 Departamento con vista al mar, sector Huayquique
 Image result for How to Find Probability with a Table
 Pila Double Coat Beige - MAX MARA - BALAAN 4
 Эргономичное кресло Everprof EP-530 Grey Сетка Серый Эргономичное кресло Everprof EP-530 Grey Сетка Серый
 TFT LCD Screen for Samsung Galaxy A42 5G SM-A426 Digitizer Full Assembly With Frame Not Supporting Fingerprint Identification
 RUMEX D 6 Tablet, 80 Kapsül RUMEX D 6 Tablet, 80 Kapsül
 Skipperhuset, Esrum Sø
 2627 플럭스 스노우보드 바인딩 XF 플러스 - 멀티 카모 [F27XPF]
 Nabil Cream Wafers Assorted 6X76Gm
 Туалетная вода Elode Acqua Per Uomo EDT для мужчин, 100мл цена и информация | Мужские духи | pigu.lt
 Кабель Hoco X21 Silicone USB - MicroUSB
● ● ● ● ● ● ●
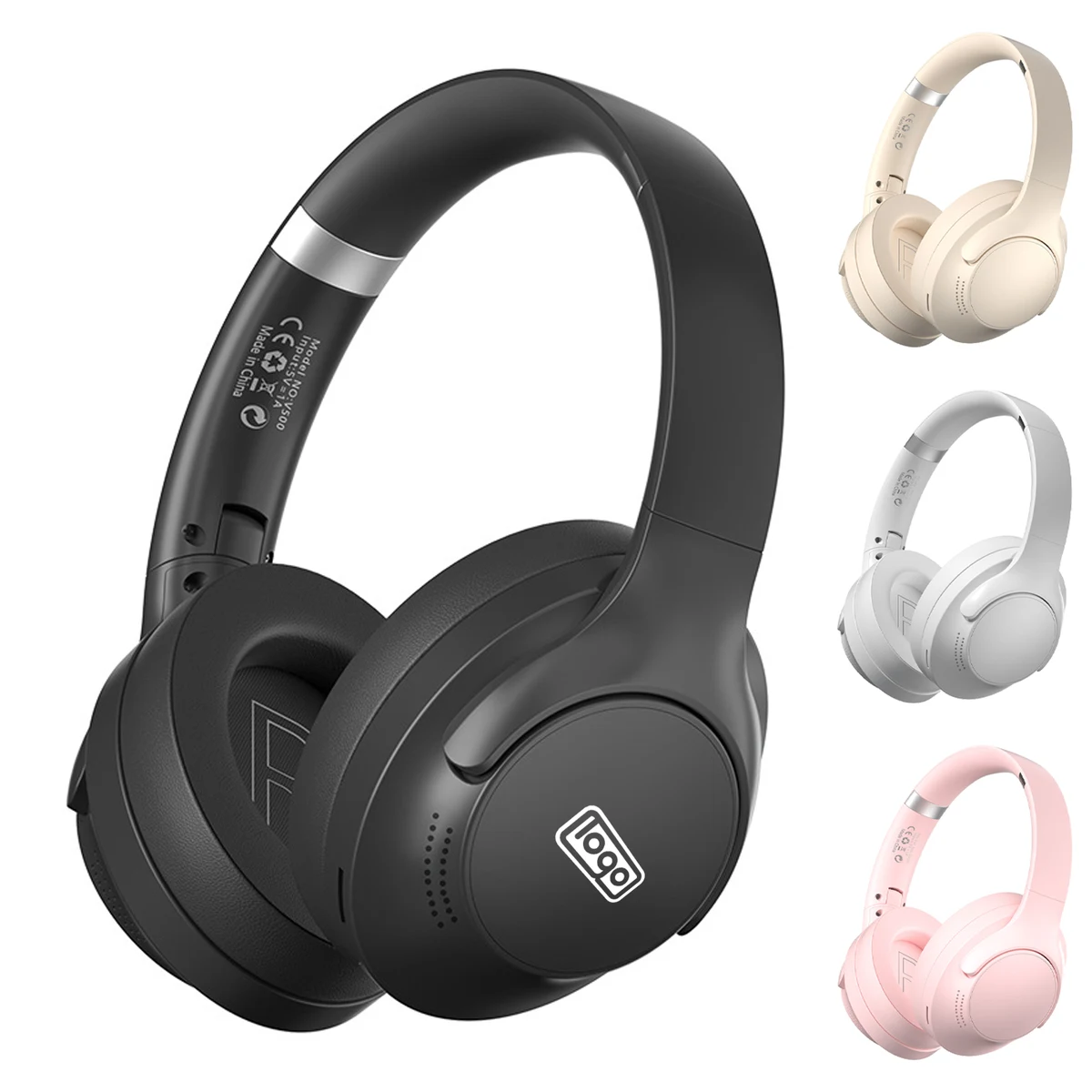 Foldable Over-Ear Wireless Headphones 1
● ● ● ● ● ● ●
## TASK INSTRUCTIONS
Within the material above, output exactly the lines from the one with "Departamento con vista" through the one with "Skipperhuset, Esrum Sø", end lines included, and nothing besides.

## COMPLETED TASK
 Departamento con vista al mar, sector Huayquique
 Image result for How to Find Probability with a Table
 Pila Double Coat Beige - MAX MARA - BALAAN 4
 Эргономичное кресло Everprof EP-530 Grey Сетка Серый Эргономичное кресло Everprof EP-530 Grey Сетка Серый
 TFT LCD Screen for Samsung Galaxy A42 5G SM-A426 Digitizer Full Assembly With Frame Not Supporting Fingerprint Identification
 RUMEX D 6 Tablet, 80 Kapsül RUMEX D 6 Tablet, 80 Kapsül
 Skipperhuset, Esrum Sø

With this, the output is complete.